My first thought was some kind of communal meditation, but it couldn't have been Battle Meditation. That hadn't been invented until Odan Urr's time. Maybe a precursor to it?

Unbidden, the last phrase of the Code of Ruin came to mind.

'There is nothing. Only me.'

I found it ironically appropriate in my current situation. I was the only person on this world. Alone.

It was also a goal I could strive for. To be the only thing in my own mind. No masters, no intruders. My mind was my domain, my fortress.

It had been breached too often. I wouldn't let it happen again.

I would not be broken again. I would not be tricked again.

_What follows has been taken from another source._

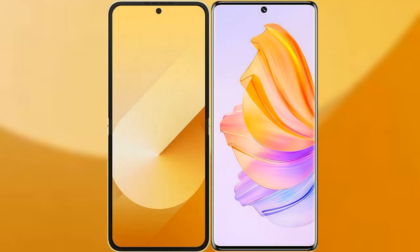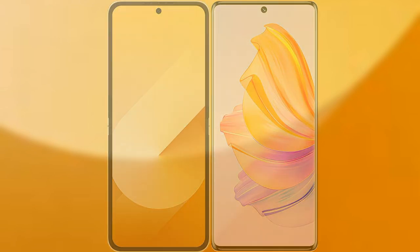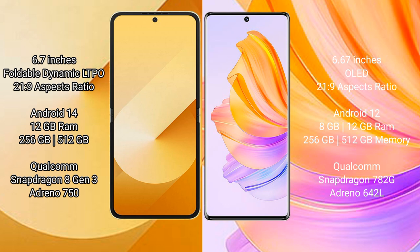I will compare the new Samsung Galaxy Z Flip 6 with the Honor 80. The Samsung Galaxy Z Flip 6 comes with a 6.7-inch foldable dynamic LTPO AMOLED display with an aspect ratio of 21:9. The Honor 80 also features a 6.7-inch OLED display with a 21:9 aspect ratio.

And I would be damned if I lost my mind, my life to some…feral animal! A relic from a bygone era! The forgotten scraps of a dead woman!

Walls, dams, and canals had not worked. I grasped at the rage and indignation burning in my gut, stoked by my past failures. It would be the fire with which I forged a new construct and my will the hammer.

This one would not break. This one would not be subverted. This one would not be overwhelmed.

It would simply…be.

Deep in my own mind, I set to work. The first would not be perfect, of course. The first attempt never was. Neither would the second, nor even the third.

There would be countless failures, each scrapped and recycled into the next attempt. A thousand failures for a single success.

I knew I would not succeed today. Perhaps not even tomorrow.

But here and now as I worked, I knew with certainty that I would succeed before my time was up. I would be ready before the third day ended.